Marc Zyngier <maz@xxxxxxxxxx> · Tue, 06 Feb 2024 14:54:12 +0000

On Tue, 06 Feb 2024 14:07:10 +0000,
"Thierry Reding" <thierry.reding@xxxxxxxxx> wrote:
> 
> [1  <text/plain; UTF-8 (quoted-printable)>]
> On Tue Feb 6, 2024 at 1:53 PM CET, Marc Zyngier wrote:
> > On Tue, 06 Feb 2024 12:28:27 +0000, Jon Hunter <jonathanh@xxxxxxxxxx> wrote:
> > > On 06/02/2024 12:17, Marc Zyngier wrote:
> [...]
> > > > - My own tegra186 HW doesn't have VHE, since it is ARMv8.0, and this
> > > >    helper will always return 'false'. How could this result in
> > > >    something that still works?
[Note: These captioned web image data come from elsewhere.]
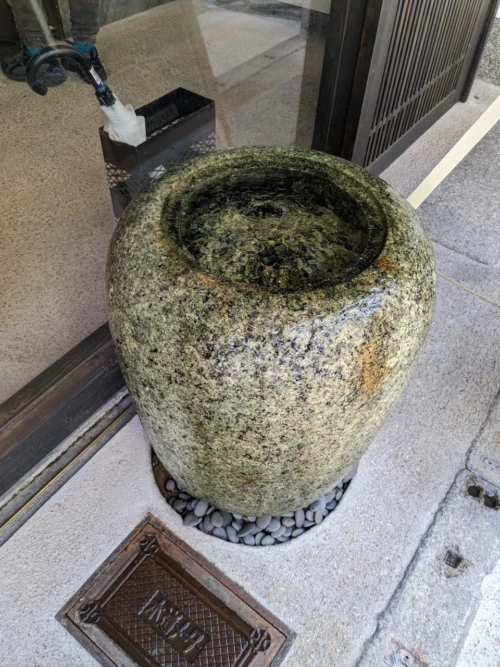 Beaucoup de jardin japonais sont construits sur le thème de la pierre et de l'eau qui coule et le mariage des deux tel que ici est plaisant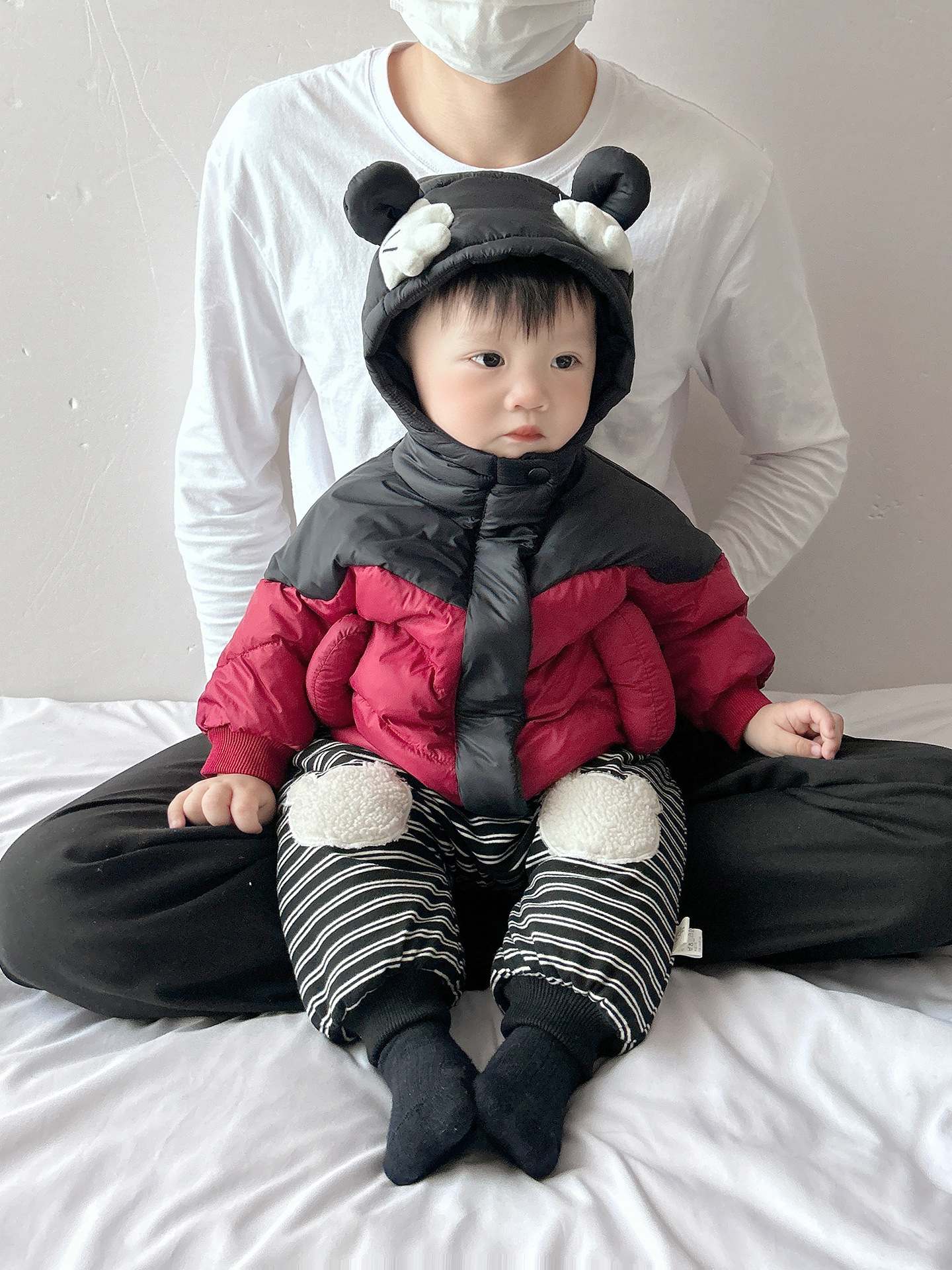 Invierno bebé chaqueta de plumón de colores nuevos niños lindos con capuzas blancas chaqueta de abrigo caliente ropa de bebé gruesa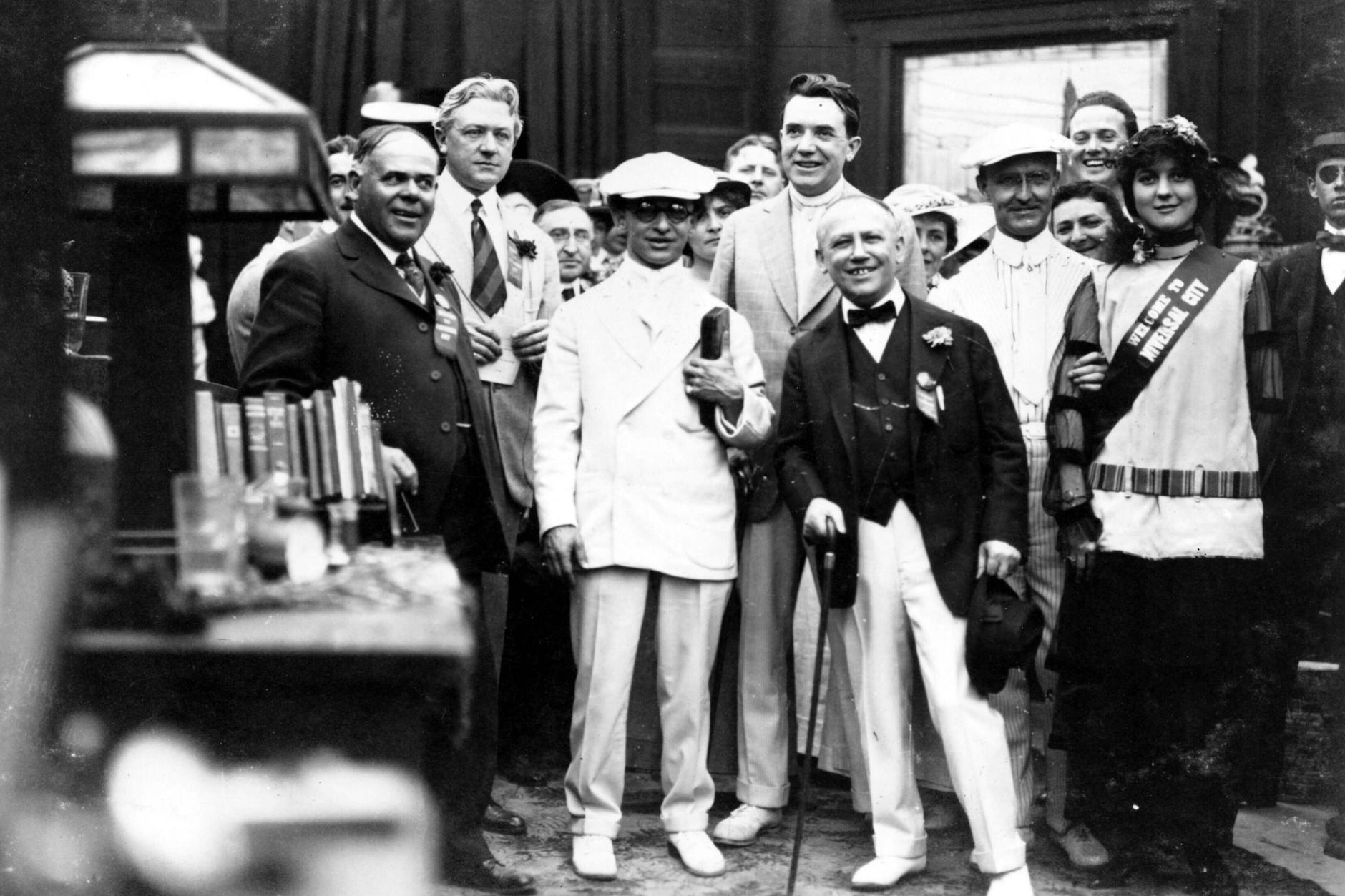 Carl Laemmle, in der Mitte Rechts mit Krücke, posiert für ein Eröffnungsfoto in Universal City am 15. März 1916.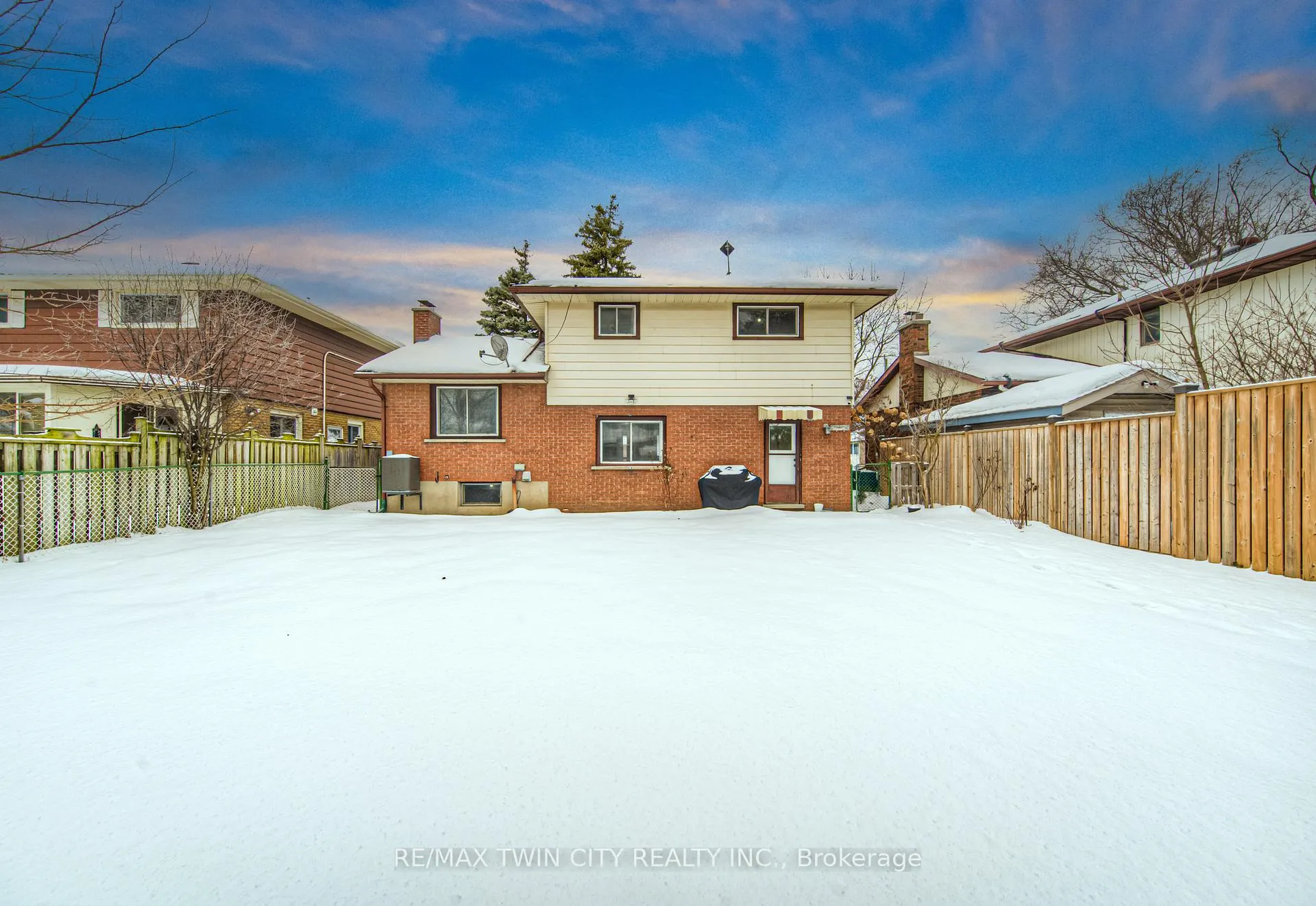 Photo 36 of 23 Fairlawn Road, Kitchener — HOMEH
Can I get a free CPU upgrade?
> > > 
> > > I thought this API just checks to see if we are in EL2?
> >
> > It does. And that's the problem. On ARMv8.0, we run the Linux kernel
> > at EL1. Tegra186 is ARMv8.0 (Denver + A57). So as written, this change
> > breaks the very platform it intends to support.
> 
> To clarify, the code that accesses these registers is shared across
> Tegra186 and later chips. Tegra194 and later do support ARMv8.1 VHE.

But even on these machines that are VHE-capable, not running at EL2
doesn't mean we're running as a guest. The user can force the kernel
to stick to EL1, using a command-line option such as kvm-arm.mode=nvhe
which will force the kernel to stay at EL1 while deploying KVM at EL2.
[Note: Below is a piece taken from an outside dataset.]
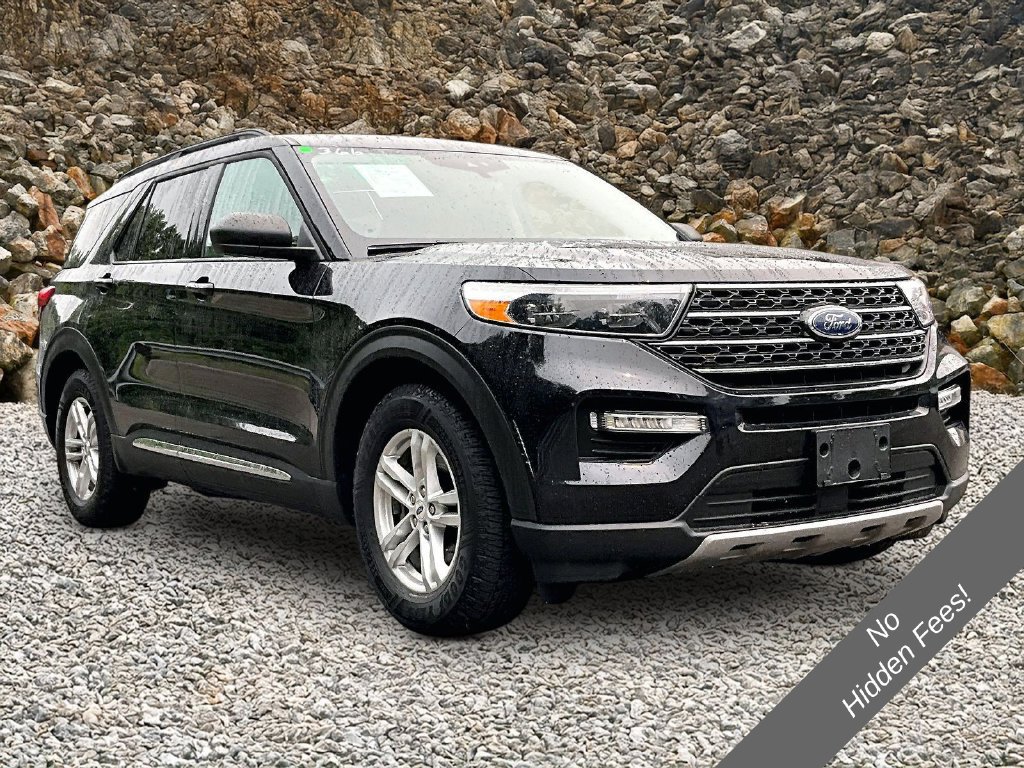 Used 2023 Ford Explorer XLT w/ Equipment Group 202A RWD image 10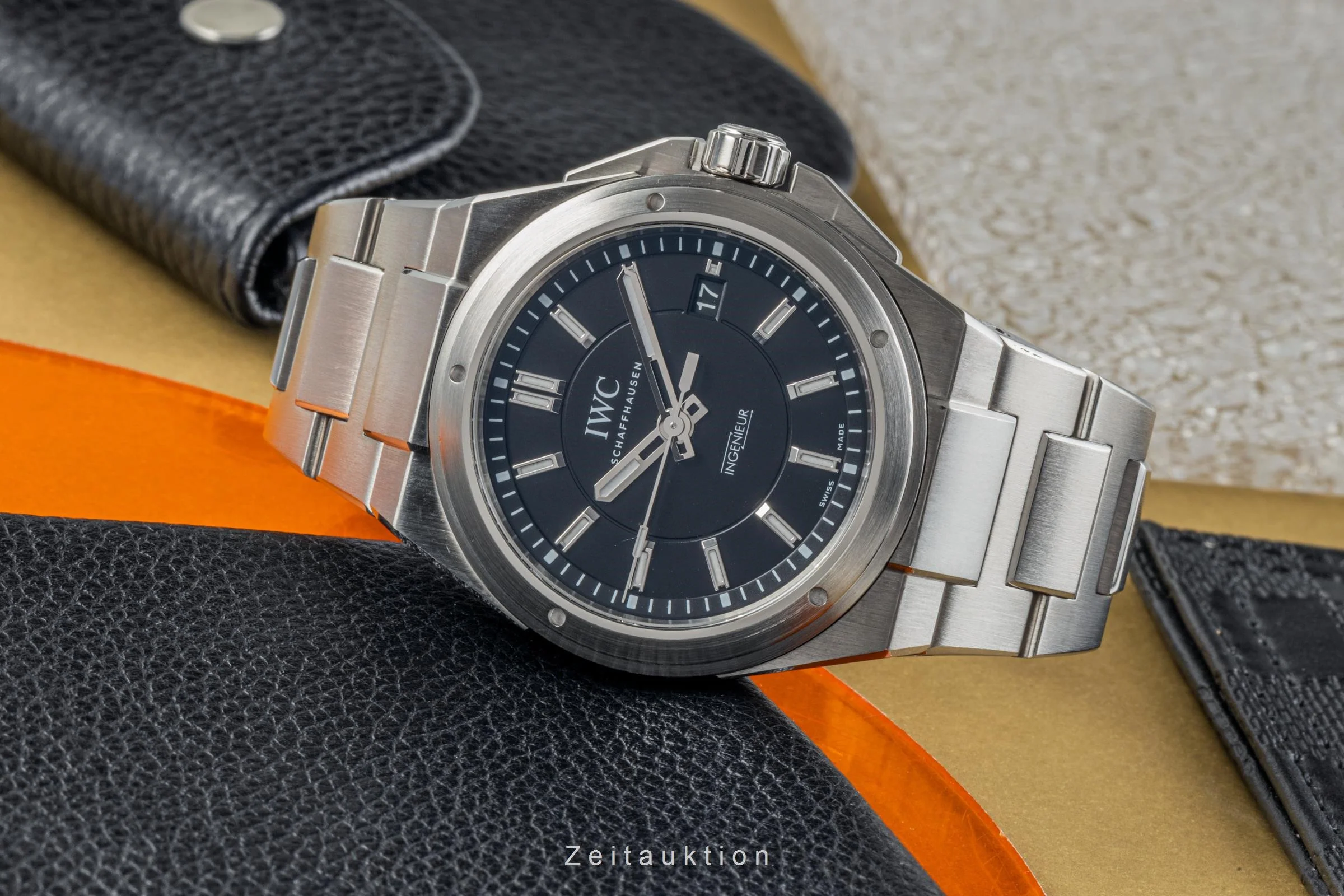 IWC Ingenieur steel automatic men's watch 3239 LP: 12900EUR  [2302020] - Image 2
> Granted, if it always returns false on Tegra186 that's not what we
> want.

I'm glad we agree here.

> > > > - If you assign this device to a VM and that the hypervisor doesn't
> > > >    correctly virtualise it, then it is a different device and you
> > > >    should simply advertise it something else. Or even better, fix your
> > > >    hypervisor.
> > > 
> > > Sumit can add some more details on why we don't completely disable the
> > > device for guest OSs.
> >
> > It's not about disabling it. It is about correctly supporting it
> > (providing full emulation for it), or advertising it as something
> > different so that SW can handle it differently.
> 
> It's really not a different device. It's exactly the same device except
> that accessing some registers isn't permitted. We also can't easily
> remove parts of the register region from device tree because these are
> intermixed with other registers that we do want access to.

But that's the definition of being a different device. It has a
different programming interface, hence it is different. The fact that
it is the same HW block mediated by a hypervisor doesn't really change
that.

> > Poking into the internals of how the kernel is booted for a driver
> > that isn't tied to the core architecture (because it would need to
> > access system registers, for example) is not an acceptable outcome.
> 
> So what would be the better option? Use a different compatible string to
> make the driver handle the device differently? Or adding a custom
> property to the device tree node to mark this as running in a
> virtualized environment?

A different compatible string would be my preferred option. An extra
property would work as well. As far as I am concerned, these two
options are the right way to express the fact that you have something
that isn't quite like the real thing.

> Perhaps we can reuse the top-level hypervisor node? That seems to only
> ever have been used for Xen on 32-bit ARM, so not sure if that'd still
> be appropriate.

I'd shy away from this. You would be deriving properties from a
hypervisor implementation, instead of expressing those properties
directly. In my experience, the direct method is always preferable.

Thanks,

	M.

-- 
Without deviation from the norm, progress is not possible.